Bernardo Kucinski —Eu não tenho dúvidas de que um determinado tipo de narrativa crítica a Israel cruzou a linha e se tornou antissemita. Isso se dá em dois planos: um, que eu chamo de metafísico, totalmente inconsciente, no qual o atual mito da luta do mal absoluto (Israel) contra o bem (causa palestina) vai se encontrar com o velho mito do judeu que usava sangue de criancinhas para fazer o pão ázimo; o outro, mais visível, se dá no plano lingüístico, e é consciente, deliberado, como nesse incidente de associar a palavra cão à palavra judeu, ou quando você nas suas perguntas usa expressões como “Holocausto dos palestinos”  e “manipulação de informação pelo Mossad”.

Viomundo — Você não receia ser visto como sionista? Por quê?

Bernardo Kucinski — Não é ideologia que está em discussão (nem a minha nem a da Vila Vudu) e sim mentalidades e honestidade intelectual. Mas faço questão de dizer que tive a felicidade de ser formado pelas duas grandes utopias judaicas do século passado: o socialismo e o sionismo, e não renego nenhuma delas, embora ambas tenham sofrido pesadamente as agruras da história.  Nem o sionismo nem o socialismo são aventuras encerradas.

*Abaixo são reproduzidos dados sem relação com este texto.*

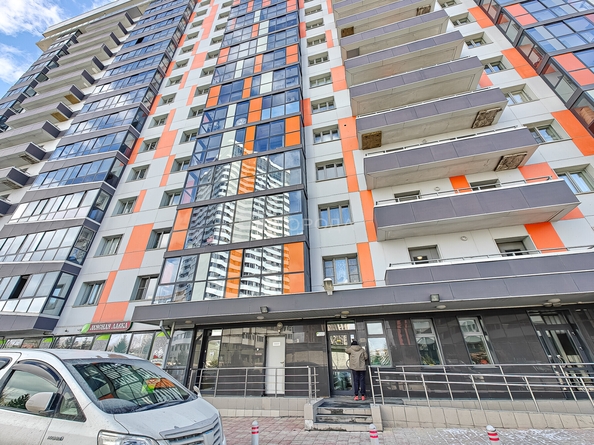 
  Продается 3-комн. квартира 111.3 м². Фото 23.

Viomundo — Como parte do movimento sionista, que brigou pela criação do estado de Israel, você nunca teve dúvidas a respeito da legitimidade do pleito, principalmente da maneira como se deu, com a expulsão de famílias palestinas?

Bernardo Kuckinski — Por partes:

1. A legitimidade de um movimento político-social é intrínseca, o que ele pode ser é mais fraco, mais forte, tolerante ou fanático, progressista ou reacionário, etc.

2.  O sionismo não “brigou” pelo Estado de Israel, lutou, com a perda de mais de 20 mil vidas, só do lado judeu, sem contar as vidas perdidas do lado árabe.

3. O fato gerador do exílio palestino foi a invasão de seis exércitos de países árabes que não aceitaram o plano de partilha proposta pela ONU em 1947. Tivesse a partilha sido aceita, haveria hoje dois estados e não haveria a diáspora palestina. Em Israel mesmo vivem hoje 1,5 milhão de árabes (20% da população).

4. A esquerda sionista repudia a atual política expansionista de Israel. Os palestinos reivindicam o direito de retorno, ponto muito mais delicado nas negociações de paz do que qualquer outro.

Viomundo — Em algum momento, você cogitou se a questão poderia ter sido resolvida de forma mais produtiva para a paz na região?

Bernardo Kucinski — Claro que poderia. Mas, infelizmente, as sociedades humanas ainda não amadureceram o suficiente para resolver seus conflitos por métodos produtivos e sensatos e as do Oriente Médio não seriam a exceção à regra.